You are once again working your solo overnight shift and Rural General Stand Alone Hospital.  In the door walks a 33 yo G6P5 female with abdominal cramping who is 35 weeks pregnant.  The labor and delivery service recently closed down and all OBGYN is being referred to the regional hospital 45 minutes away.  The patient came in to you ER because the commute is too much for her every time she has cramping.  As you are asking standard questions like how far apart are you contractions she has a precipitous delivery.  

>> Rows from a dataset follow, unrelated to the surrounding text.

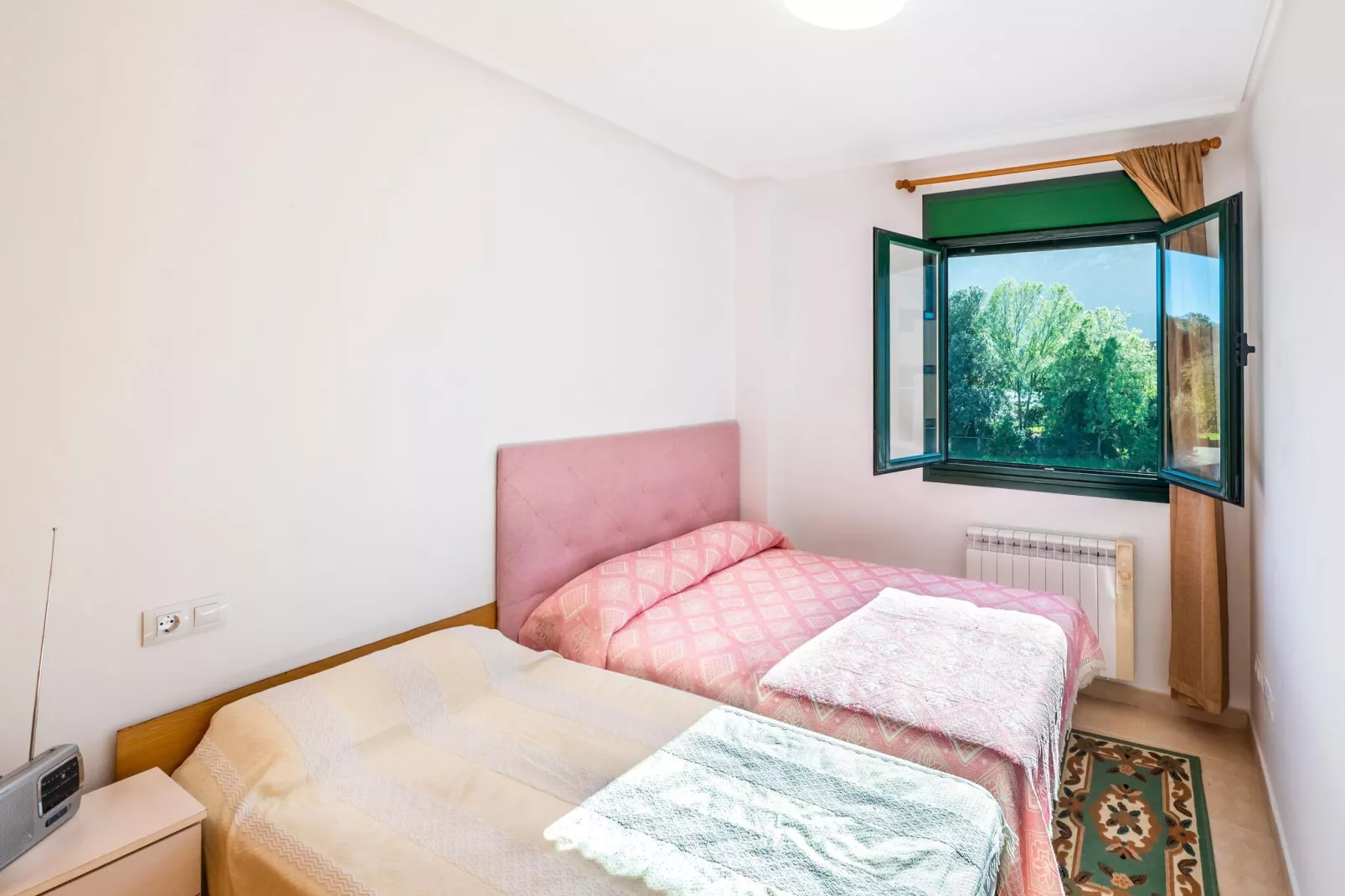 Piso Ríu Calabres-Bedroom
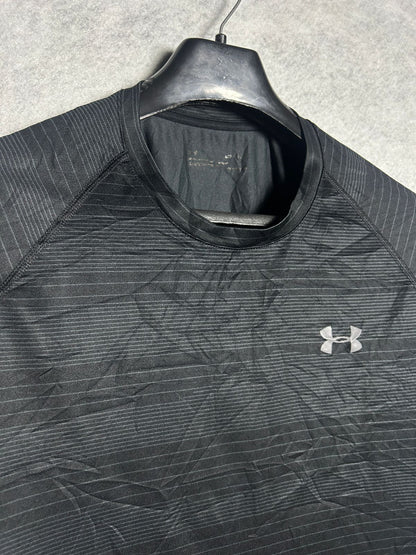 Under Armour Loose Heat Gear Black Round Tee- Medium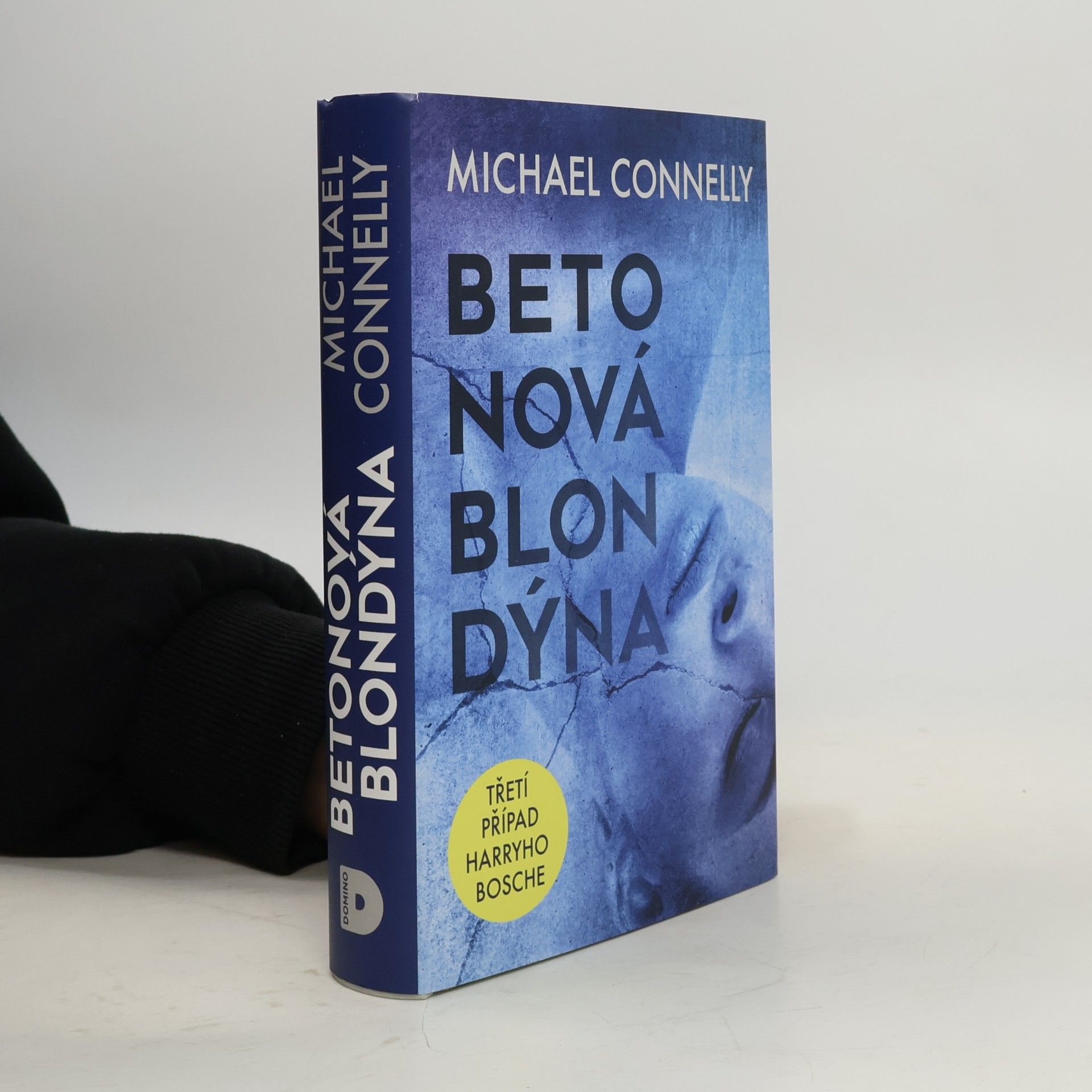 Betonová blondýna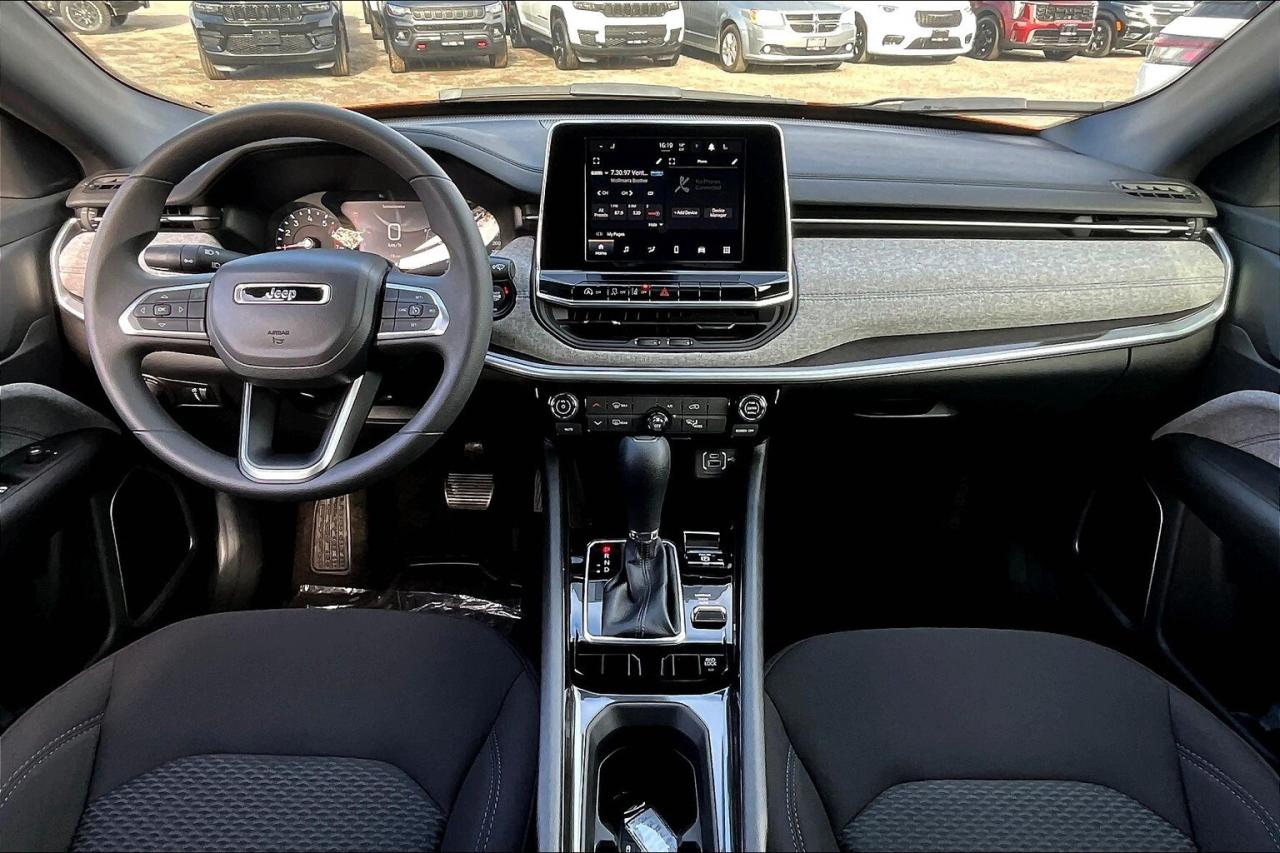 2026 Jeep Compass SPORT 4X4 | 8.4INCH TOUCHSCREEN | CARPLAY | ALLOYS Photo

Now in front of you is a newborn infant and a screaming mother and father.  Clamp/Clamp cut and you have the baby on a warmer that is luckily left over from the days when there were pediatric services at your hospital.  Initial APGARs are O, the baby is grey, apneic and pulseless.  What are your next steps?


The following information is from “Towards evidence-based resuscitation of the newborn infant”


  • Aggressively dry and stimulate baby
  • If apneic give 6 rescue breaths and reassess
    • Apply spO2 ( Pearl: Newborns still have preductal circulation so the best best place for O2 sat is on the right hand)
  • If still apneic give 30 seconds of ventilation ensuring chest rise with head in proper position.
    • Ask for assistance to get good 2 person seal and ventilation with ideal head position.
    • Pearl: Resuscitation of newborns should start with 21% oxygen not 100%.  
    • If you are have trouble bagging the patient remember the mnemonic MR SOPA
      • Mask has tight fit
      • Re-positiong into “sniffing” position
      • Suction nares and pharynx
      • Open Mouth
      • PPV to max of 40 cmH2O
      • Alternative Airway

“Positive-pressure ventilation is arguably the most important intervention in neonatal resuscitation”

  • If still apneic, pulseless or bradycardic (HR <60) start compressions
    • 3:1 compressions to breaths (Pearl: Newborns are much more respiratory dependent so in 1 minute there should be 90 compressions and 30 breaths)
  • Continue on to Neonatal Resuscitation Algorithm (Compressions, IV access, Epinephrine etc)

  • Pearl: IV access in neonates can be achieved via an umbilical vein catheter (See image below).  Tips: look for the compressible vessel, insert until there is blood return but not much further, use ligature suture or premade equipment to compress arteries.  Secure in place similar to chest tube.  

Emergent Umbilical Venous Catheter (UVC) Placement


After 30 seconds of rescue breaths the HR has improved but is still below 60.  You quickly intubate and continue NALS.  

After one rounds of NALS the HR and spO2 have improved (refer to chart 1 for acceptable spO2s)  and you have clear ROSC.  NICU at the receiving hospital has accepted the patient and the neonate is all prepped for transfer.